CN202166640U - Kit and coated glass tube for rapid detection of insecticide toxicity to whitefly - Google Patents

Abstract

The utility model "a kit and a glass tube with drug film for quickly detecting the toxicity of insecticides to whitefly" belongs to the detection technology of insecticide toxicity. The kit is characterized in that it includes at least one A glass tube with an open end attached to the pesticide film with the insecticide to be tested as the main component. superior. With the advantages of small error, high efficiency, and strong stability, it is specially designed for the rapid determination of the toxicity activity of insecticides on whitefly adults.

Description

Kit and coated glass tube for rapid detection of insecticide toxicity to whitefly

technical field

The utility model relates to an insecticide toxicity detection technology, in particular to a kit and a drug-coated glass tube for rapidly detecting the toxicity of an insecticide to whitefly.

Background technique

The whitefly Bemisia tabaci belongs to the order Hemiptera, the family Amisidae, and the genus Amisia. Found on Greek tobacco in 1889, it was named whitefly Aleyrodes tabaci (Gennadius) (Gennadius, 1889). In 1894, it was found on sweet potatoes in Florida, USA, and identified as Bemisia inconspicua. At present, Bemisia tabaci has been widely distributed in more than 100 countries and regions except Antarctica, including tropical, subtropical and adjacent temperate regions. In China, the current survey found that it is distributed in more than 20 provinces and regions such as Guangdong, Guangxi, Hainan, Fujian, Yunnan, Shanghai, Zhejiang, Jiangxi, Hubei, Sichuan, Shaanxi, Beijing, Taiwan, Xinjiang, Hebei, and Shandong.

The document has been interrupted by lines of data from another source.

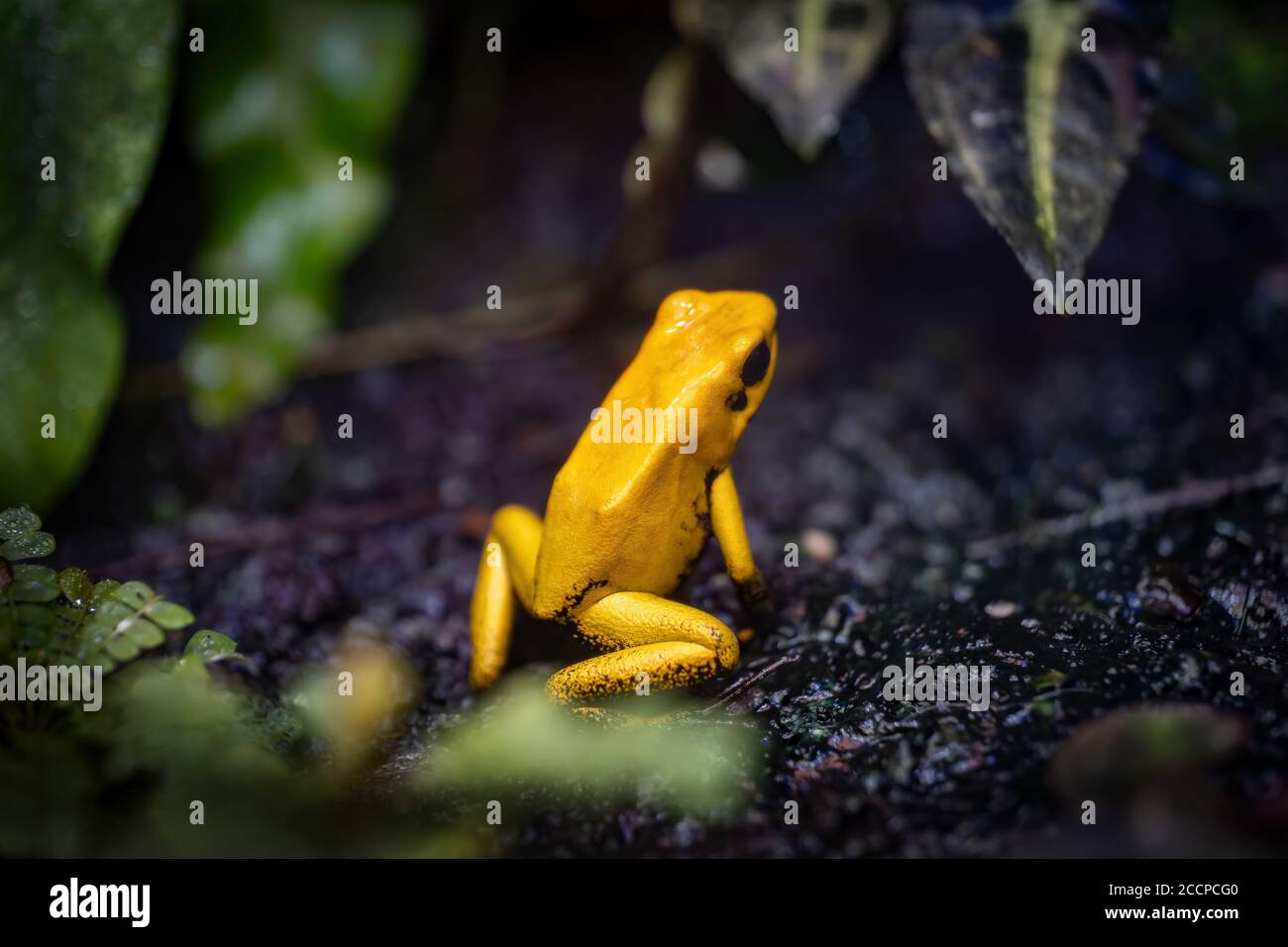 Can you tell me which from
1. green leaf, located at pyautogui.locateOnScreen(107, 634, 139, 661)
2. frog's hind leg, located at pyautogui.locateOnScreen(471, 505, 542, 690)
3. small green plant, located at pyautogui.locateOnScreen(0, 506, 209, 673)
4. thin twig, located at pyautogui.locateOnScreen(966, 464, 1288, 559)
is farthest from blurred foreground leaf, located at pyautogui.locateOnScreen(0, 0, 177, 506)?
thin twig, located at pyautogui.locateOnScreen(966, 464, 1288, 559)

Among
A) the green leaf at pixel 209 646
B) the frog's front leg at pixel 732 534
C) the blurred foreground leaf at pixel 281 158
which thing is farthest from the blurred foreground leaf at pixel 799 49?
the green leaf at pixel 209 646

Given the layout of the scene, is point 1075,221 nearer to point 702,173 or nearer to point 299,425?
point 702,173

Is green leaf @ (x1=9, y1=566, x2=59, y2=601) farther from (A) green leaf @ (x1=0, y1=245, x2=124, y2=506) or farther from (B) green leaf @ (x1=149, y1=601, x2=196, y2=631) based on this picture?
(A) green leaf @ (x1=0, y1=245, x2=124, y2=506)

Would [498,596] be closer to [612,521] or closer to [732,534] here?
[612,521]

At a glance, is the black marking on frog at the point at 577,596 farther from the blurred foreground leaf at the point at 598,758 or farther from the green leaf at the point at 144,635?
the green leaf at the point at 144,635

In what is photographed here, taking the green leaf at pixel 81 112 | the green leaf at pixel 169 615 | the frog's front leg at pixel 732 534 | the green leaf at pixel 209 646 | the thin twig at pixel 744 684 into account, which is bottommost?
the thin twig at pixel 744 684

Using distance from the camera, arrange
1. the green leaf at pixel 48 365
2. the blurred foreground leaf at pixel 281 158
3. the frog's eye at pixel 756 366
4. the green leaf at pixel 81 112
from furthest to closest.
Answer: the blurred foreground leaf at pixel 281 158 → the green leaf at pixel 81 112 → the green leaf at pixel 48 365 → the frog's eye at pixel 756 366

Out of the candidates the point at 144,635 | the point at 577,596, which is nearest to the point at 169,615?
the point at 144,635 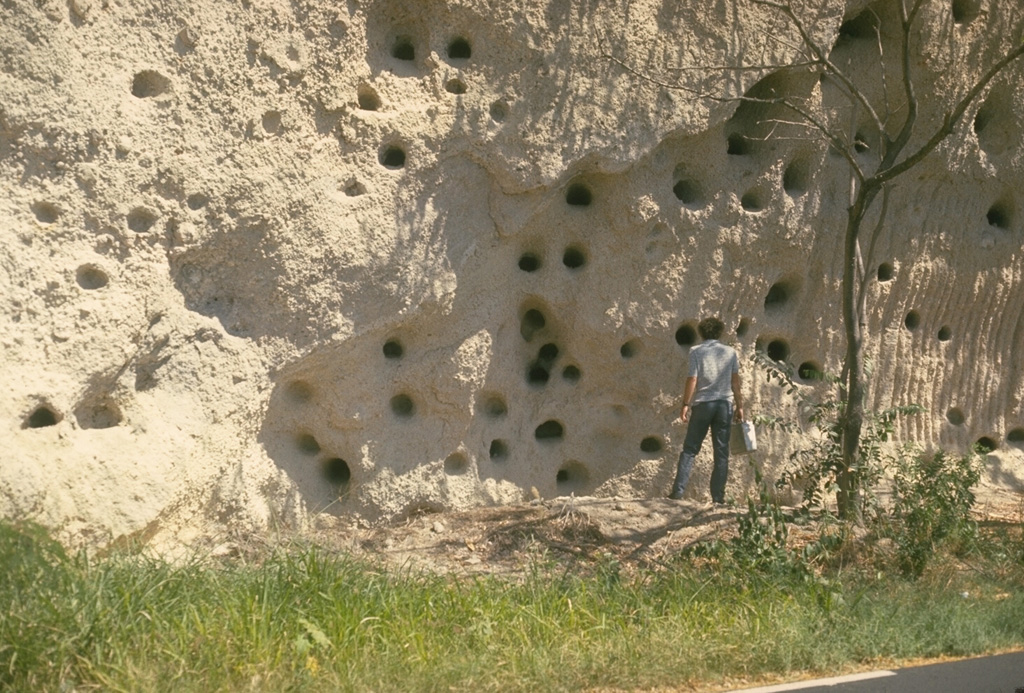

Bemisia tabaci is a worldwide economic pest that causes serious damage to agricultural, horticultural and ornamental crops (Chen Wenxiong and Zhang Huanying, 1997; Luo Zhiyi et al., 1989; Castle et al., 2002; Bacci et al., 2007Ahmad, 2007; Dinsdale et al., 2010), on vegetable crops, it mainly damages cucumber, tomato, eggplant, cowpea, vegetable soybean, kale and cauliflower. The insect has a wide range of hosts, strong fecundity, and serious overlapping of generations. It damages host plants by sucking adults and nymphs on the back of leaves, which can cause more than 50% yield reduction; the honeydew produced by Bemisia tabaci is also a coal pollution disease. The most important thing is that whitefly is also the vector of various plant virus diseases. It has been confirmed that more than 100 plant viruses are transmitted by whitefly. Especially in recent years, the tomato yellow leaf curl virus disease (TYLCD), which has been highlighted in production from south to north in China and has caused the failure of tomato sheds in some areas, is caused by the transmission of Bemisia tabaci.

At present, the control of whitefly in production mainly relies on chemical pesticides. However, adult whitefly has a certain ability to fly and has a strong ability to evade spraying of pesticides. It is one of the most difficult pests to control in production. With the use of insecticides, the whitefly has gradually developed resistance to more and more different types of insecticides, and even due to the selection pressure of a single insecticide, the biotype of the whitefly is also changing. Succession has occurred, and some areas have changed from type B to type Q. Because type Q is more resistant to insecticides and has stronger biological characteristics, it is more challenging to control this insect in production. .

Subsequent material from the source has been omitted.